Dieser Tsunami mit bis zu 30 Meter hohen Wellen traf auf Land, verwüstete Gemeinden entlang der umliegenden Küsten des Indischen Ozeans und löschte in 14 Ländern das Leben von schätzungsweise 228.000 Menschen aus, Einheimische wie auch eine Schar von Touristen, die ihre Weihnachtsferien in warmen Gefilden verbringen wollten. Bislang ist es die tödlichste Naturkatastrophe des 21. Jahrhunderts und die schlimmste Tsunami-Katastrophe der Geschichte. Abertausende haben ihre Existenz und geliebte Menschen verloren. Am zweiten Weihnachtstag paart sich in vielen betroffenen Familien die Freude über das Fest mit Schmerz.

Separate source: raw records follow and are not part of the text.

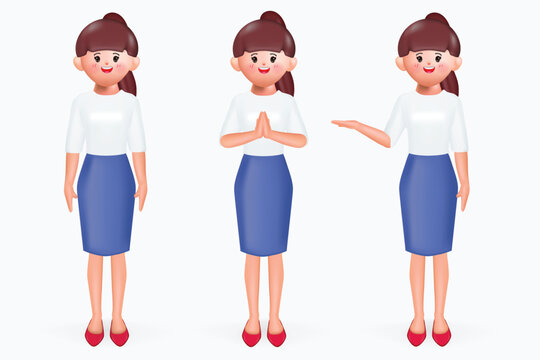 3d cartoon young woman character standing pose set. 3d vector illustration.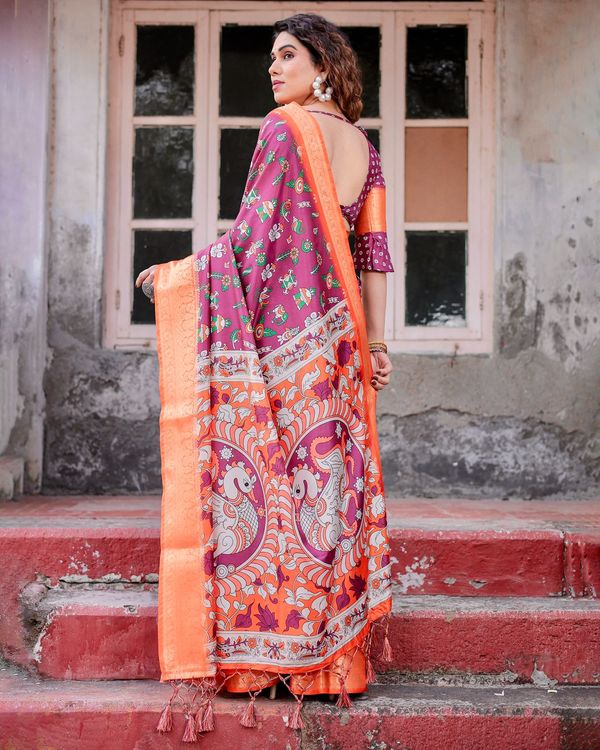 Purple Banarasi Silk Saree with Ethnic Print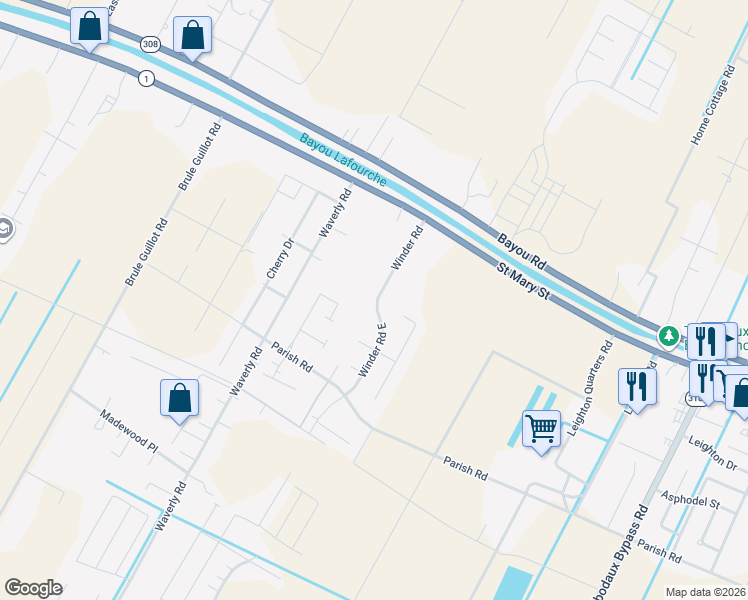 map of restaurants, bars, coffee shops, grocery stores, and more near 300-314 Winder Road in Thibodaux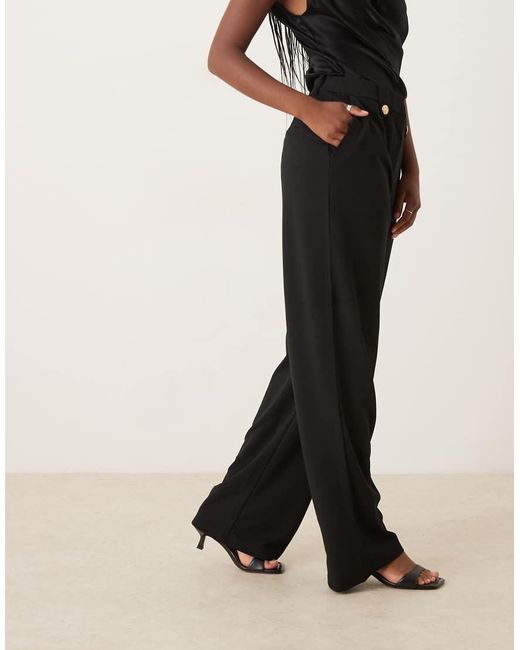 Vila Black High Waisted Button Detail Trousers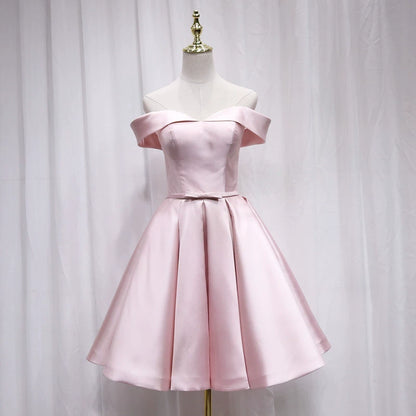 Stylish Off-Shoulder A-Line Birthday Dresses Bow Pink Pleated Satin Simple Homecoming Dress AP4689
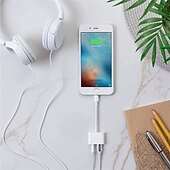 voordelige USB-hubs-adapter &amp; splitter voor iphone hoofdtelefoon 2 in 1 dual interface voor iphone oplader kabel aux audio adapter converter voor iphone 13/12/11/x/xs/xr/8/7 ipad ondersteuning bellen opladen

Israelis haben gelernt, mit Erdbeben zu leben. Dabei blendet die Bevölkerung die Tsunami-Gefahr, die auch das kleine Land am Mittelmeer treffen kann, aus. Wie gut ist es auf Flutwellen vorbereitet?
Erdbeben oder auch andere seismische Eruptionen in Ozeanen können Tsunamis auslösen, Flutwellen, die mitunter mit enormer Wucht auf Land laufen und ungeheure Verwüstungen anrichten. Das Wort Tsunami hat seinen etymologischen Ursprung im Japanischen, „tsu“, deutsch für Hafen, und „nami“, die Welle, zusammengesetzt kann es sinngemäß mit „Welle im Hafen“ übersetzt werden, was zunächst nicht sonderlich bedrohlich klingt.
Unterschätzte Gefahr
Ein fataler Irrtum. Regionen, in denen Tsunamis selten und meist moderat auftreten, neigen dazu, die Gefahr zu unterschätzen, denn selbst vergleichsweise niedrige Flutwellen können großen Schaden anrichten und Menschenleben kosten.
Auch Israel hat diese Gefahr lange ignoriert, obwohl es bekanntermaßen auf der Syrisch-afrikanischen Spalte liegt, einem Teilabschnitt des Großen Afrikanischen Grabenbruchs und somit in einer Region mit reger Plattentektonik. Das ist eine der Ursachen für Erdbeben. Zudem liegt das Land am Mittelmeer, im Zusammenspiel mit Erdbeben eine ideale Voraussetzung für die Entstehung von Tsunamis.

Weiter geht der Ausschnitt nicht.